Hello Niels,
Niels Möller nisse@lysator.liu.se writes:
Daiki Ueno ueno@gnu.org writes:
When I'm trying to implement ML-KEM (Kyber), I realized that the current API for SHAKE (sha3_256_shake) is a bit too limited: while ML-KEM uses SHAKE128 as a source of pseudorandom samples[1], the the current API requires the total number of bytes are determined prior to the call, and after the call the hash context is reset.
I vaguely recall discussing that when shake256 was added, and we concluded it was good enough as a start, and could be extended later.

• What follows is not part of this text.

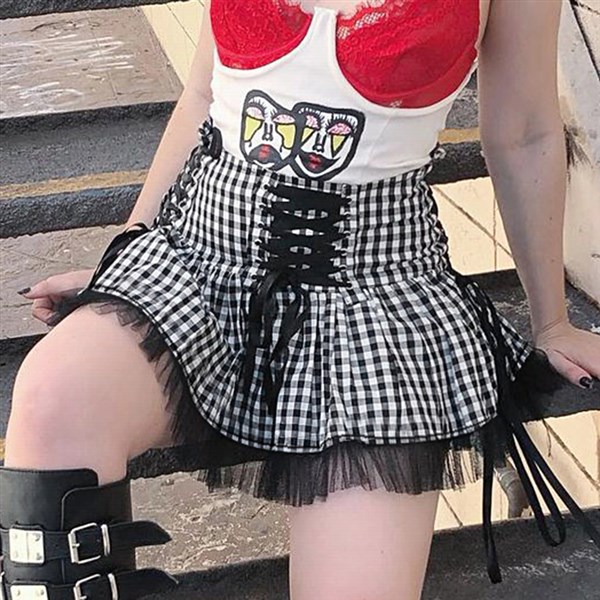 Lace mesh splicing black and white plaid hot girl skirt 2021在类目 女装/女士精品, 半身裙中 - 来自Buy2taobao.com提供专业的淘宝代购服务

I think it would be nice if one could support the streaming case with the existing struct sha3_256_ctx, and little extra wrapping. Question is what the interface should be. I see a few variants:
void /* Essentially the same as _sha3_pad_shake */ sha3_256_shake_start (struct sha3_256_ctx *ctx);
void /* Unbuffered, length must be a multiple of SHA3_256_BLOCK_SIZE */ sha3_256_shake_output (struct sha3_256_ctx *ctx size_t length, uint8_t *dst);
void /* Last call, length can be arbitrary, context reinitialized */ sha3_256_shake_end (struct sha3_256_ctx *ctx size_t length, uint8_t *dst);
Requiring all calls but the last to be full blocks is consistent with nettle's funtions for block ciphers. But since we anyway have a buffer available (to support arbitrary sizes for streaming the input), we could perhaps just as well reuse that buffer.

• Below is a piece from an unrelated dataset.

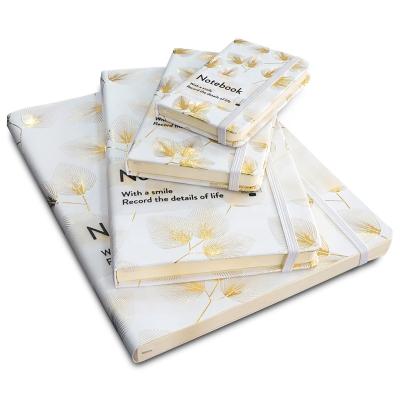 China Wholesale cheap hardcover customized logo printing foil sliver color gold notebook with elastic pocket for sale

void /* Essentially the same as _sha3_pad_shake */ sha3_256_shake_start (struct sha3_256_ctx *ctx);
void /* Arbitrary length, no need to signal end of data */ sha3_256_shake_output (struct sha3_256_ctx *ctx size_t length, uint8_t *dst);
void /* Explicit init call needed to start a new input message */ sha3_256_init (struct sha3_256_ctx *ctx);
In this case, sha3_256_shake_output would use ctx->index and ctx->buffer for partial blocks.
With some hacking (say, using the unused high bit of ctx->index to signal that shake is in output mode), then we could have just
void /* Arbitrary length, no need to signal start or end of output */ sha3_256_shake_output (struct sha3_256_ctx *ctx size_t length, uint8_t *dst);
void /* Explicit init call needed to start a new input message */ sha3_256_init (struct sha3_256_ctx *ctx);
As always, naming is also a crucial question. Is _shake_output a good name? Or _shake_read, or _shake_generate? From the terminology in the spec (https://nvlpubs.nist.gov/nistpubs/FIPS/NIST.FIPS.202.pdf), I think "_shake_output" is reasonable.
When deciding on naming and conventions, we should strive to define somthing that can be reused for later hash functions with variable output size (called extendable-output functions, "XOF", in the spec).
So what do you think makes most sense?
Thank you. The option (3) sounds like a great idea as it only need one more function to be added for streaming. I tried to implement it as the attached patch.
Regards,